High Court Of Punjab & Haryana
The New Friends Co-Operative House Building Society Ltd. vs. CIT & ANR.
Section 5, 45(5)(b)
Asst. Year 2001-02
Satish Kumar Mittal & Rakesh Kumar Garg, JJ.
IT Appeal No. 360 of 2007
10th April, 2008
Counsel Appeared :
Akshay Bhan, for the Appellant : Yogesh Putney, for the Respondents.
Rakesh Kumar Garg, J. :
The assessee has filed the present appeal under s. 260A of the IT Act, 1961 (for short ‘the Act’) against the order dt. 31st Jan., 2007 (Annex.
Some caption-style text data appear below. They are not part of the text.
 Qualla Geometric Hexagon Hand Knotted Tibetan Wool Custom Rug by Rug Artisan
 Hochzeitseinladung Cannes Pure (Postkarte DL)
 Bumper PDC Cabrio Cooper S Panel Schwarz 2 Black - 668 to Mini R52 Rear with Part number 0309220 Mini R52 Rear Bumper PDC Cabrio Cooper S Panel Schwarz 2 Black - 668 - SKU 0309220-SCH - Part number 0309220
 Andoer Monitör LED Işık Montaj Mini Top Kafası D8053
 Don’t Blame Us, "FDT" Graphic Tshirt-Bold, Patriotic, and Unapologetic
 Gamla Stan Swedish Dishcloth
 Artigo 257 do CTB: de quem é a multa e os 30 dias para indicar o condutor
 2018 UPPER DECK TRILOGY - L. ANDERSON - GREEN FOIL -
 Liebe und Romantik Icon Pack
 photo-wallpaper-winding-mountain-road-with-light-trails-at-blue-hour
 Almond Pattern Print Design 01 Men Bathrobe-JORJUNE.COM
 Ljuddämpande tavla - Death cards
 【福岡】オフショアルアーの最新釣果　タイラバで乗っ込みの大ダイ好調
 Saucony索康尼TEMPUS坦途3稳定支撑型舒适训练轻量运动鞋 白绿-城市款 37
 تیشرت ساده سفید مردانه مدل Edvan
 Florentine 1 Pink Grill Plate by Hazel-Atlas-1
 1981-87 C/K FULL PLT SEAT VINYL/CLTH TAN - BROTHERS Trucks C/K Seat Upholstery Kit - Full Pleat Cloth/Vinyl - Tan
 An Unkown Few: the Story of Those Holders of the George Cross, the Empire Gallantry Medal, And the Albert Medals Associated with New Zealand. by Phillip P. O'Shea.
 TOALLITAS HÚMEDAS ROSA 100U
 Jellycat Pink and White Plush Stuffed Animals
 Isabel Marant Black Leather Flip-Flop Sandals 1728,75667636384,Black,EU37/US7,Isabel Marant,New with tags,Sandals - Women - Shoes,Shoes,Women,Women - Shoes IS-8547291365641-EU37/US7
A-3) passed by the Tribunal, Delhi ‘F’ Bench, New Delhi (for short ‘the Act’).
The assessee firm is a co-operative society and its main object is to acquire land and build houses on that land. The land acquired by the society was compulsorily acquired by the Government. During the year under consideration, the society has received enhanced compensation of Rs. 9,45,32,917 from the reference Court comprising of additional compensation of Rs. 6,40,00,000 and interest of Rs. 3.08 crores thereon. The assessee declared a capital loss of Rs. 2,52,55,221 carried forward to next year on long-term capital gain of Rs. 12.32 lacs. The assessee also declared net income of Rs. 30,89,258 on account of interest received. Accordingly, the assessee declared a returned income of Rs. 18,56,620.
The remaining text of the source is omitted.